Slavoj Žižek. Artigo tirado de Outras Palavras (aqui). Slavoj Žižek é um filósofo e teórico crítico esloveno. É professor da
European Graduate School e pesquisador sênior no Instituto de Sociologia
da Universidade de Liubliana. É também professor visitante em várias
universidades norte-americanas, entre as quais a Universidade de
Columbia, Princeton, a New School for Social Research, de Nova Iorque, e
a Universidade de Michigan. Por Slavoj Zizek, Guardian | Tradução: Vila Vudu
Ao unirem três etnias da ex-Iugoslávia, protestos retomam projeto
emancipatória e revelam: é possível enfrentar onda de fundamentalismo
que atravessa o planeta
Semana passada, cidades queimavam,[1] na Bósnia-Herzegovina. Tudo
começou em Tuzla, cidade de maioria muçulmana. Os protestos então se
espalharam até a capital, Sarajevo, e Zenica, mas também até Mostar,
onde vive largo segmento da população croata, e Banja Luka, capital da
parte sérvia da Bósnia. Milhares de manifestantes furiosos ocuparam e
incendiaram prédios públicos. Embora a situação já tenha se acalmado,
persiste no ar uma atmosfera de alta tensão.

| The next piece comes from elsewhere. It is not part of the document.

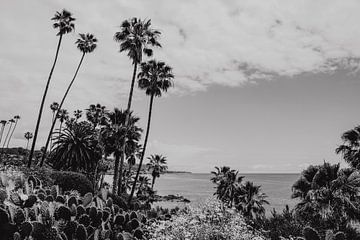Laguna Beach California America black and white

Os eventos fizeram surgir teorias da conspiração (por exemplo, que o
governo sérvio teria organizado os protestos para derrubar o governo
bósnio), mas é preciso ignorá-las firmemente, porque, haja o que houver
por trás das manifestações, o desespero dos manifestantes é autêntico.
Fica-se tentado a parafrasear aqui a famosa frase de Mao Tse Tung: há
caos na Bósnia, a situação é excelente![2]
Por quê? Porque as exigências dos manifestantes são as mais simples
que há – emprego, uma chance de vida decente e o fim da corrupção – mas
mobilizaram pessoas na Bósnia, país que, nas últimas décadas, tornou-se
sinônimo de feroz limpeza étnica.
Antes disso, os únicos protestos de massa na Bósnia e em outros
estados pós-Iugoslávia tinham a ver com paixões étnicas ou religiosas.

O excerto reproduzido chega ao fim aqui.